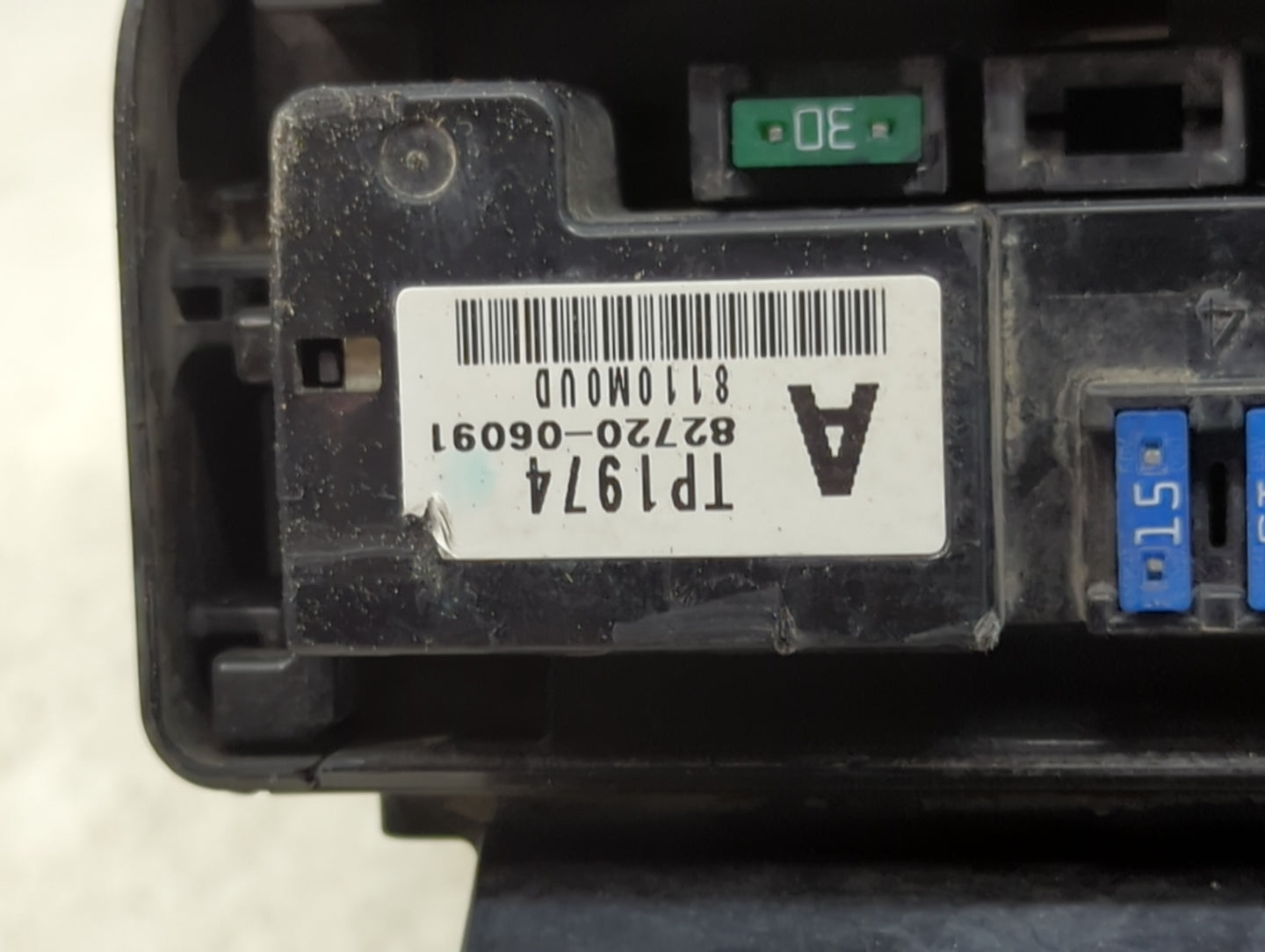 2010-2011 Toyota Camry Fusebox Fuse Box Panel Relay Module P/N:82720-06091 Fits Fits 2010 2011 OEM Used Auto Parts - Oemused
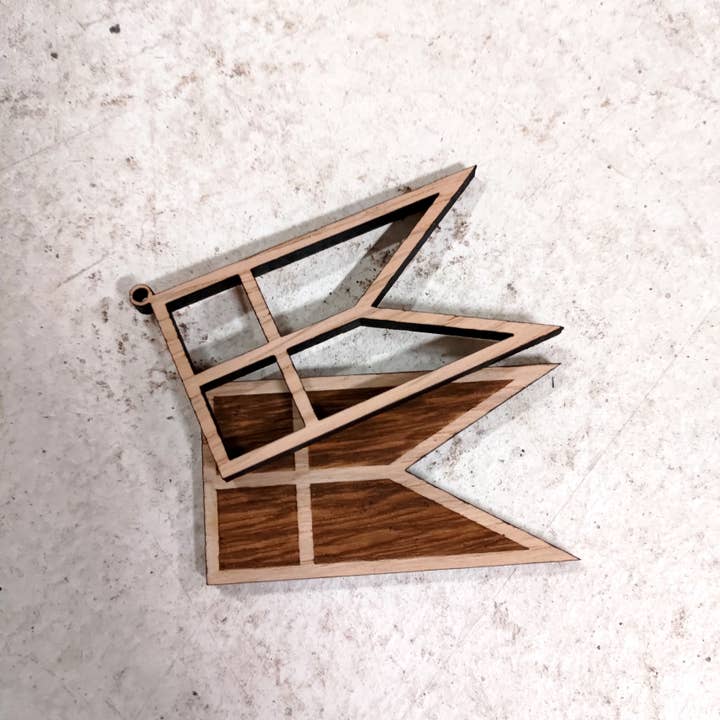 Treend – Engroshandel Julepynt – Flag, 1 stk. fræset + 1 stk. udskåret, 8 x 4 CM, Eg1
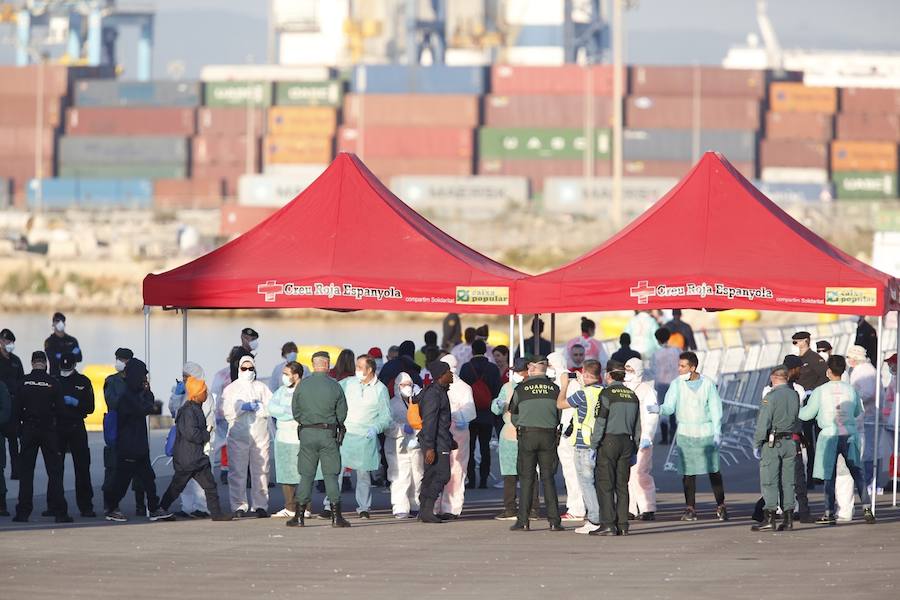 Fotos: La flotilla del Aquarius llega a Valencia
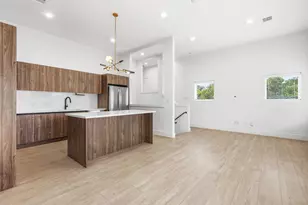 104 Tolima Dove St, Houston, TX 77018 - Photo 13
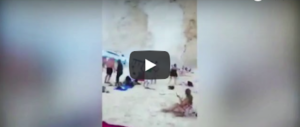 Paura sull’isola di Zante, si sgretola un pezzo di scogliera: turisti travolti (video)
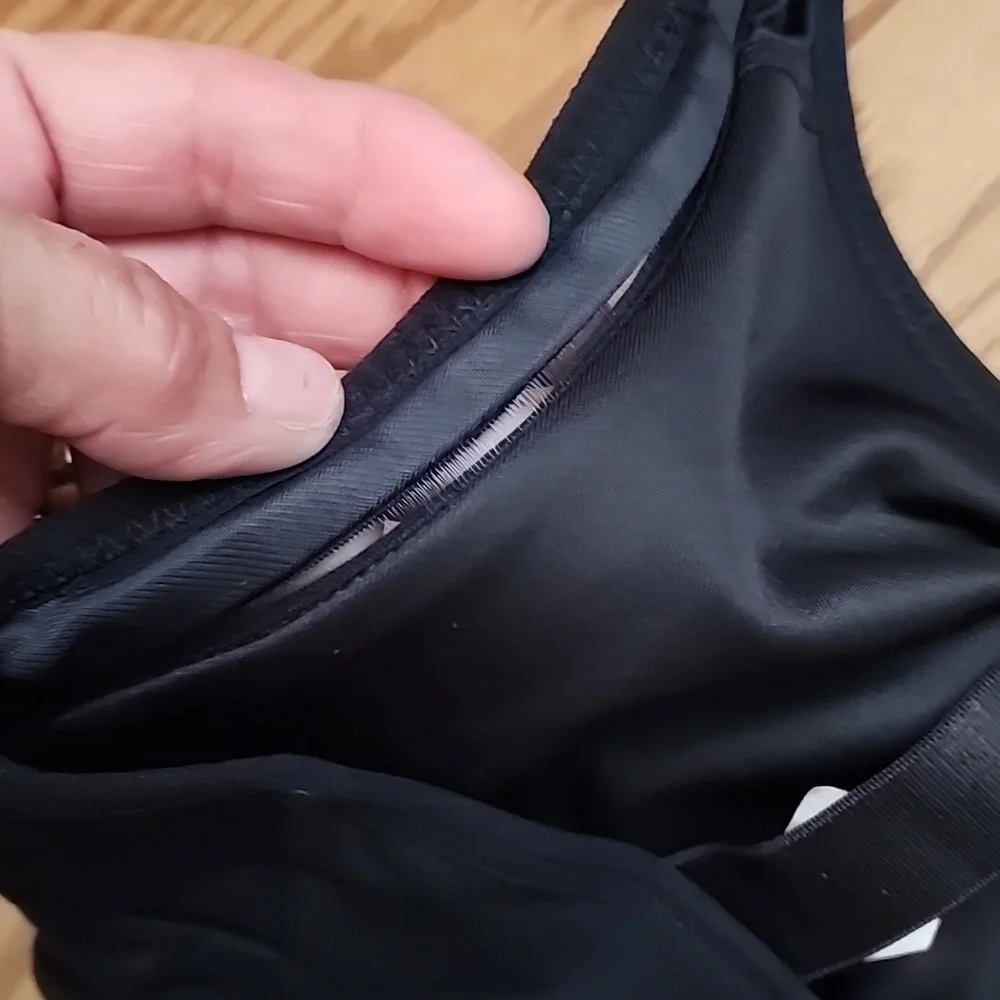 Fabletics sports bra xl‎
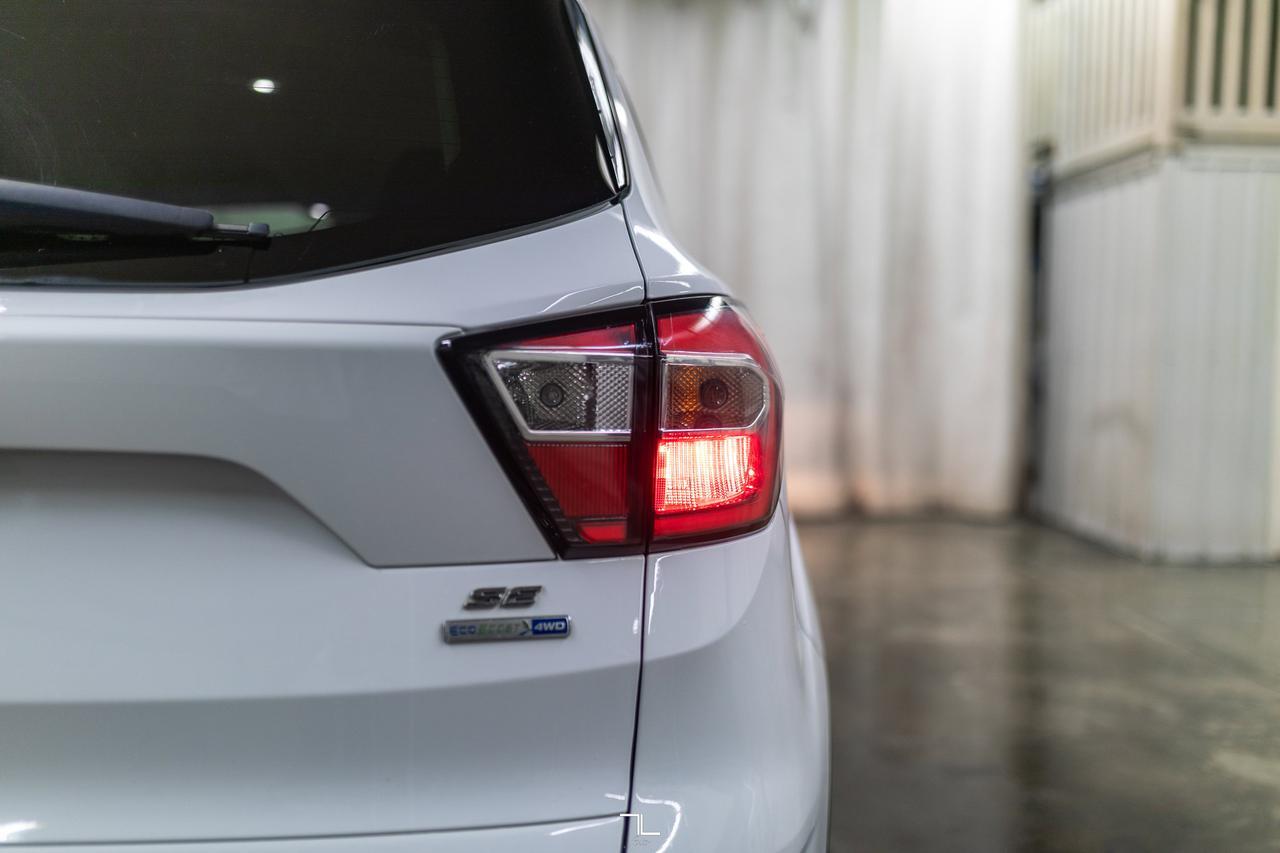 2018 Ford Escape AWD SE PSeat BCam Red Deer AB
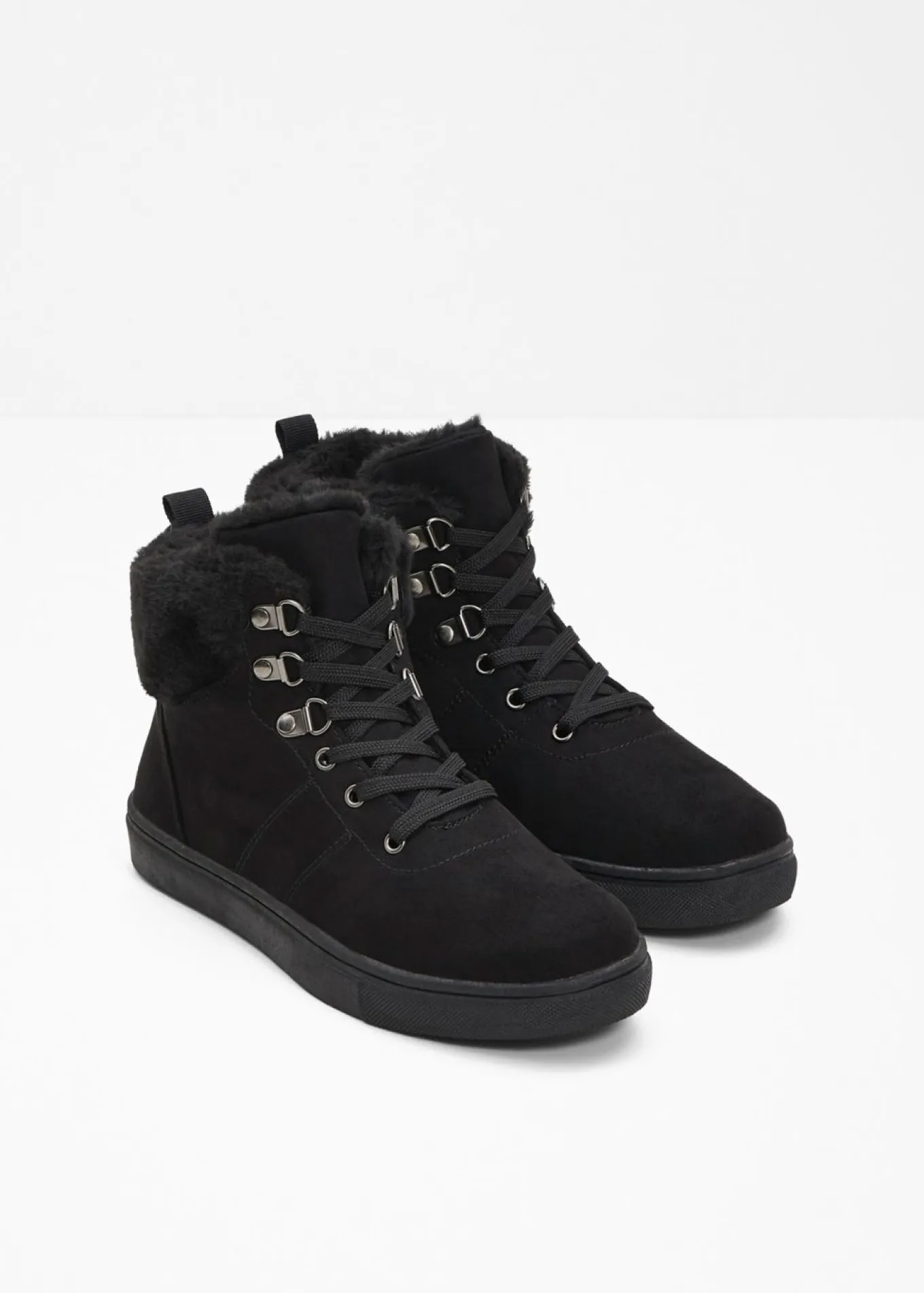 Botas forradas con cordones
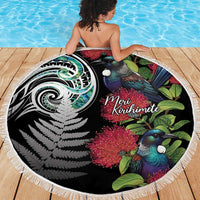 Meri Kirihimete New Zealand Beach Blanket Tui on Pohutukawa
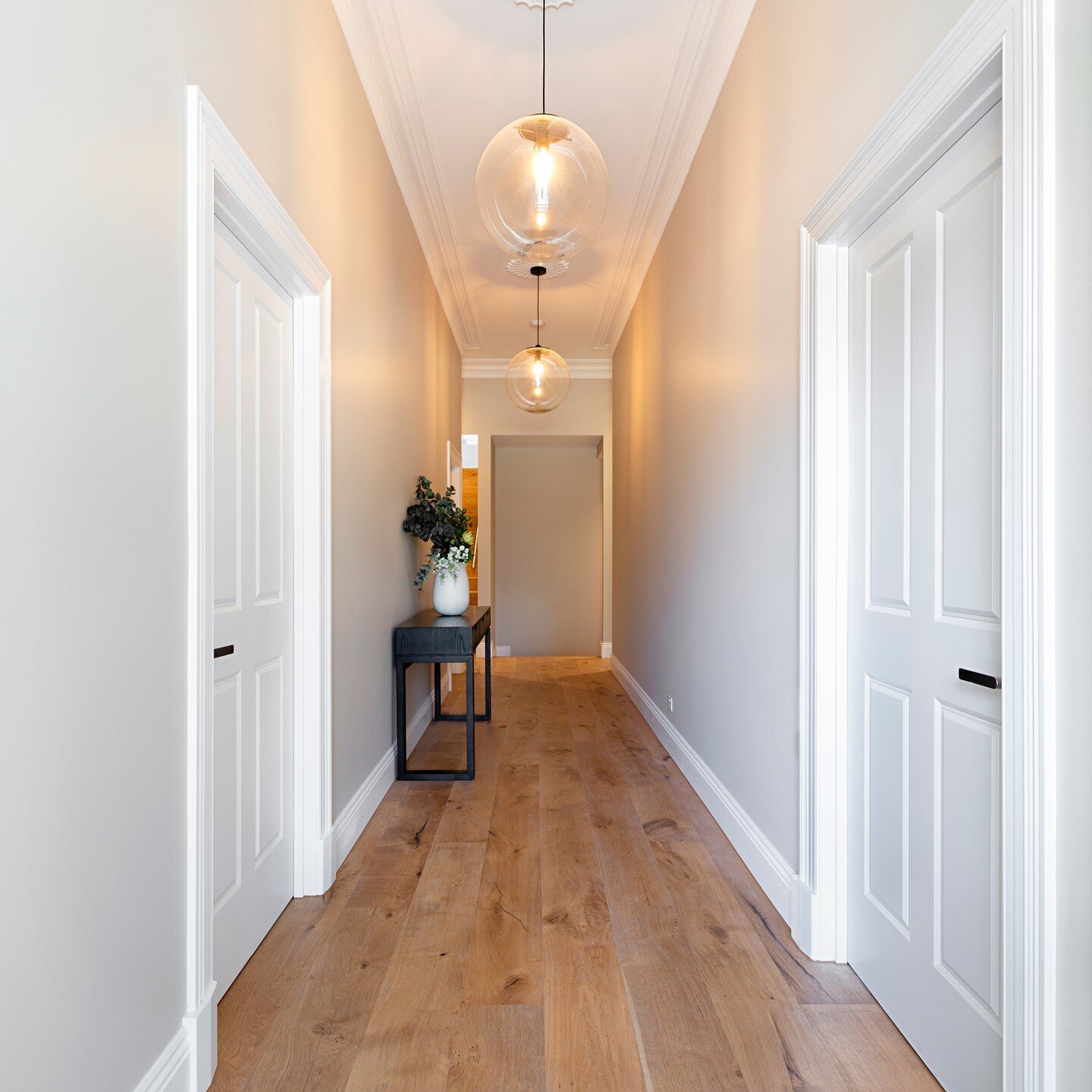 A warm welcome 💫

Traditional features combined with modern touches create a beautiful hall space in this Richmond renovation.

Build &bull; @kadabra_group
Design &bull; @herbertandhowes
.
.
.
.
#kadabragroup #construction #renovation #interiordesig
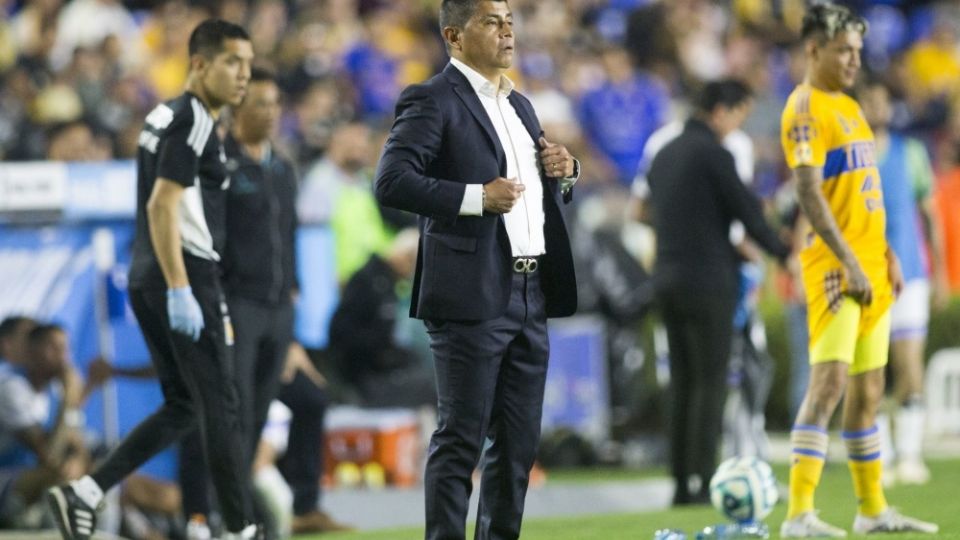 Los felinos anuncian oficialmente que el mexicano es el séptimo entrenador en dejar su puesto en el Clausura 202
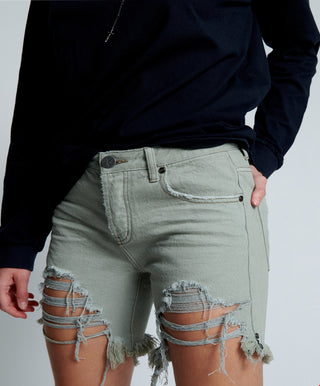FADED KHAKI STEVIES LONG LENGTH BOYFRIEND SHORT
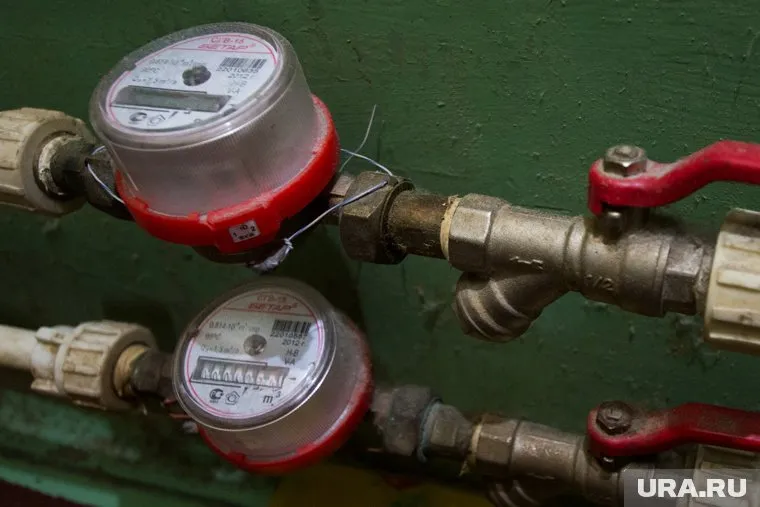 Сейчас при отсутствии приборов учета население платит за воду по нормативам потребления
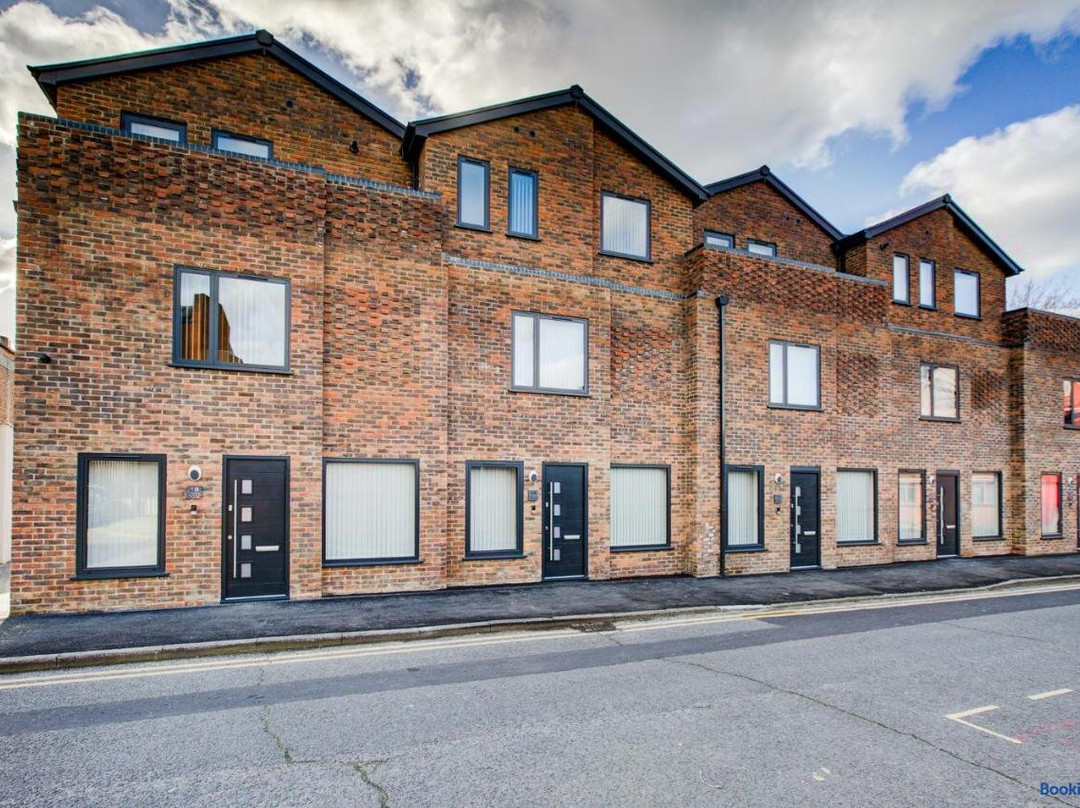 Hybrid Resi Uxbridge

▶ **AIM OF THE EXERCISE**: All lines from the beginning of the entries above to the line containing "Treend – Engroshandel", inclusive, should be printed exactly, apart from the pictures.

▶ **WRITTEN SOLUTION**:
 2010-2011 Toyota Camry Fusebox Fuse Box Panel Relay Module P/N:82720-06091 Fits Fits 2010 2011 OEM Used Auto Parts - Oemused
 Treend – Engroshandel Julepynt – Flag, 1 stk. fræset + 1 stk. udskåret, 8 x 4 CM, Eg1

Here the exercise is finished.